アガサ・クリスティー「メソポタミヤの殺人」
アガサ・クリスティーの「メソポタミヤの殺人」を読んだ。
ポアロものである。やや狙いすぎてしまった感はあるが、実に面白い作品だった。
メソポタミヤの殺人
メソポタミヤの殺人は1936年の作品で、遺跡の発掘現場を舞台にした作品である。「BOOK」データベースより紹介文を引用してみよう。
考古学者と再婚したルイーズの元に、死んだはずの先夫から脅迫状が舞いこんだ。さらにルイーズは寝室で奇怪な人物を目撃したと証言する。が、それらは不可思議な殺人事件への序曲にすぎなかった…。過去から襲いくる悪夢の正体をポアロは暴くことができるのか?中近東を舞台にしたクリスティー作品の最高傑作。

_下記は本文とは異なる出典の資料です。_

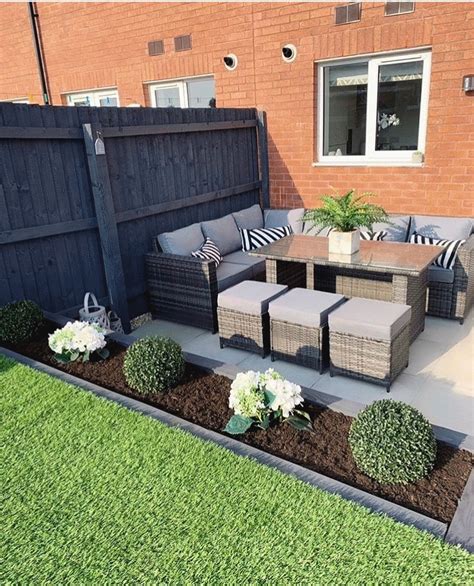 Diy Small Patio Ideas On A Budget Backyards In 2020 Back Garden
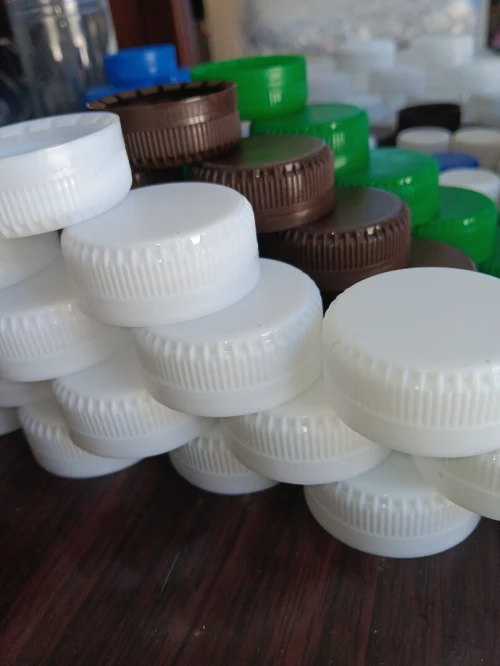 fabrication de bouchon en plastique STP.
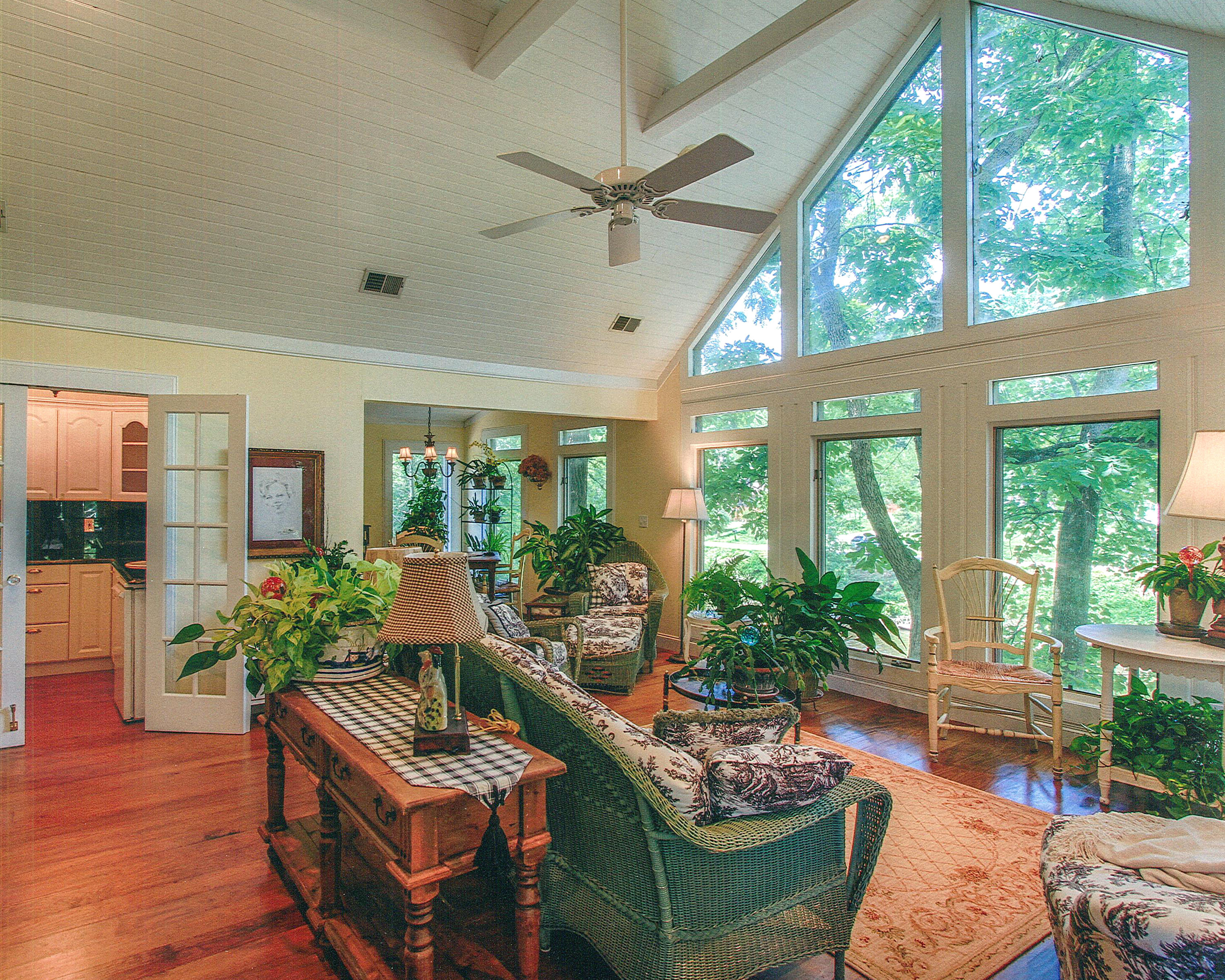 231 Riverview Road Townsend, TN 37882 - Photo 6 of 12 Sunroom_2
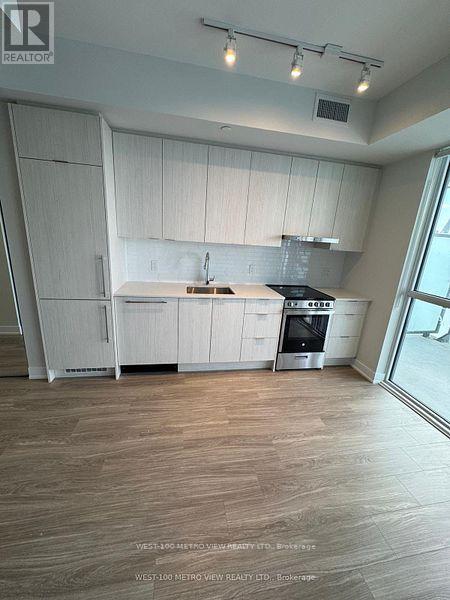 3704 - 430 Square One Drive, Mississauga, Ontario  L5B 0L6 - Photo 2 - W12764536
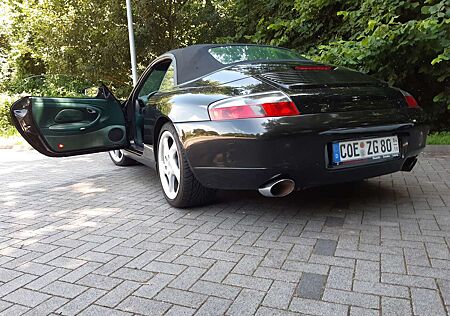 Porsche 996 911 Carrera Cabrio
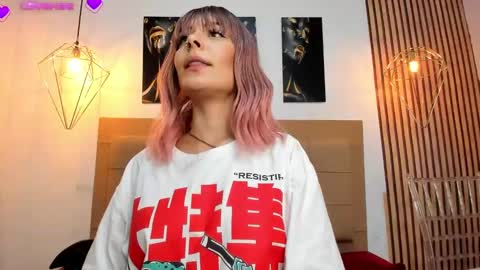 Snapshot of alesziarose chatting on 10-05-25, 07:23 Aleszia online show from 10-05-25, 07:23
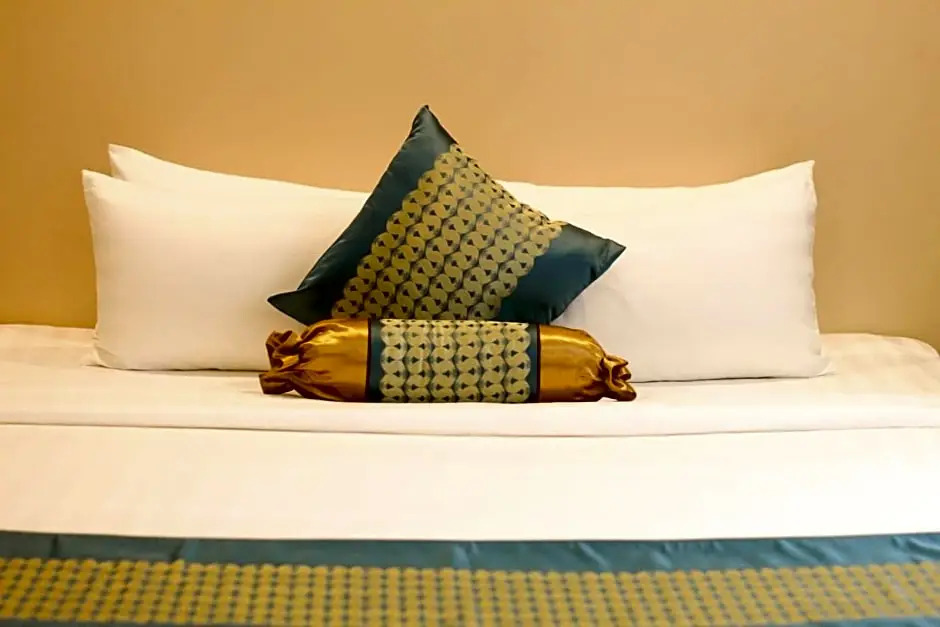 Blooming Suites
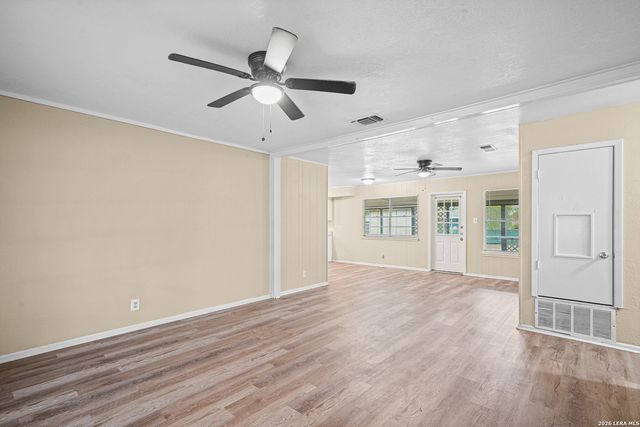 5125 FOXCROSS DR, Kirby, TX 78219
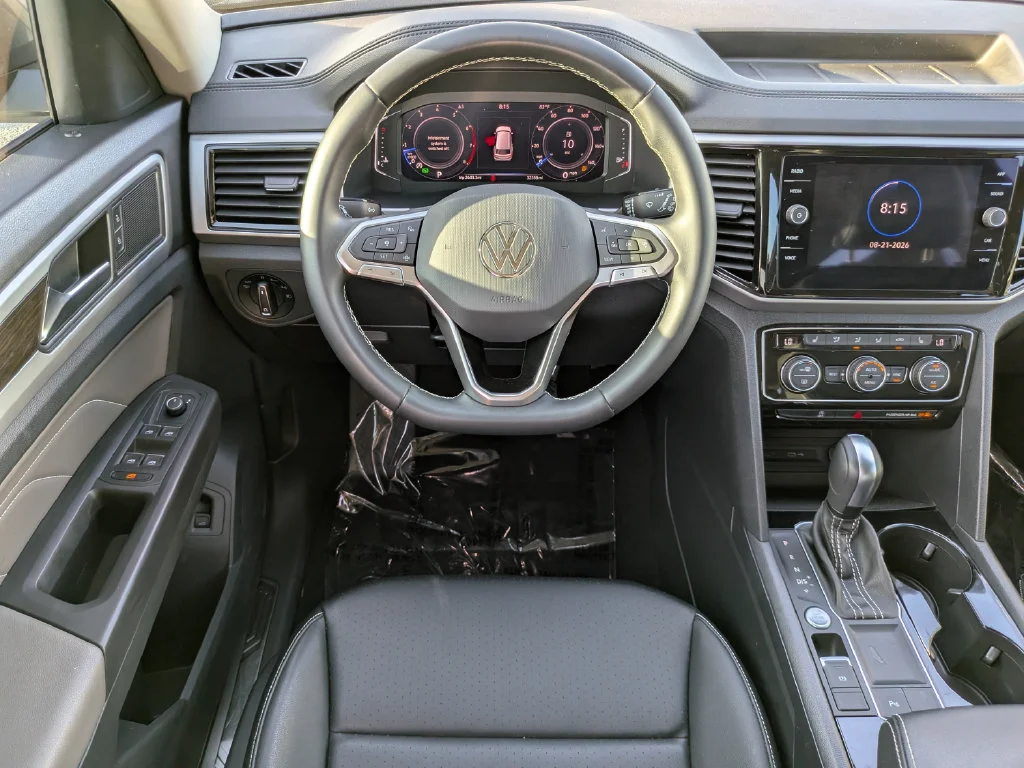 Used 2023 Gray Volkswagen 3.6L V6 SE w/Technology image 11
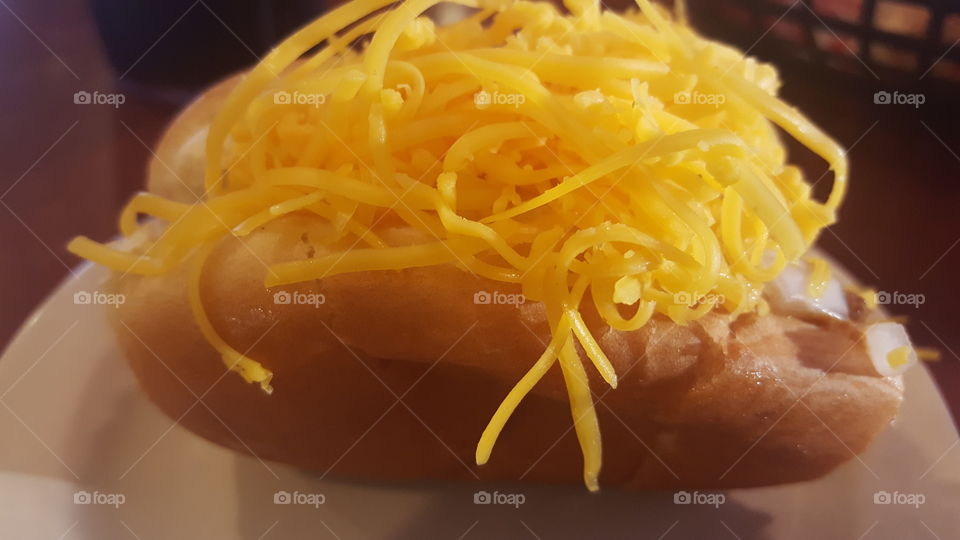 chili cheese dog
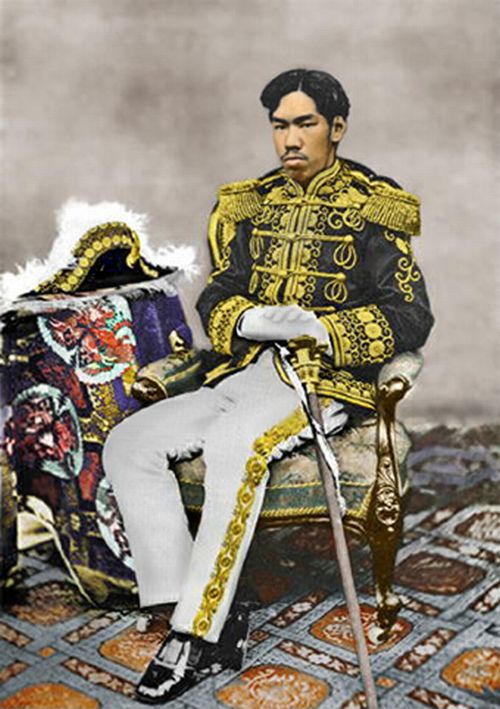  p> b>明治天皇 /b>(日语: i>めいじてんのう /i>,1852年11月3日-1912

物語は、看護士のレザランの「手記」によって展開されていく。ポアロものであるが、中盤までポアロが出てこないのもユニークなところだ。
ちなみにこの作品、「作品は癖になる」という邦題でも出版されている。
原題が「Murder in Mesopotamia」なのに、「殺人は癖になる」というタイトルはどうなんだ?という気にもなるが、作品を読んでみると「なるほど」と思わされるタイトルだ。
・・・が、ワタクシ的には全くいただけない邦題である。「そのキーワードをタイトルで出すか、ふつう」と思ってしまう。
いろいろな表紙
「メソポタミヤの殺人」も表紙にいろいろなバージョンがある。
時代を感じさせるものなど様々だが、実はこの作品、「メソポタミヤ」というのはさして重要ではない。
先日紹介した「ゴルフ場の殺人」と同じで、人間ドラマがメインの作品であって、「場所」はたいして関係がない。
なので、「メソポタミヤ」や「遺跡の発掘現場」というフレーズに興味を持った人には、やや肩透かしの感があるかもしれない。
全体としては「ひねりすぎている」と感じさせる部分はあるが、読みごたえのある作品だ。
ちなみにこの作品のトリックは、ワタクシのツボにかなりはまった。「推理クイズ」の本を読んでいるかのような「面白みのあるトリック」だった。すばらしい!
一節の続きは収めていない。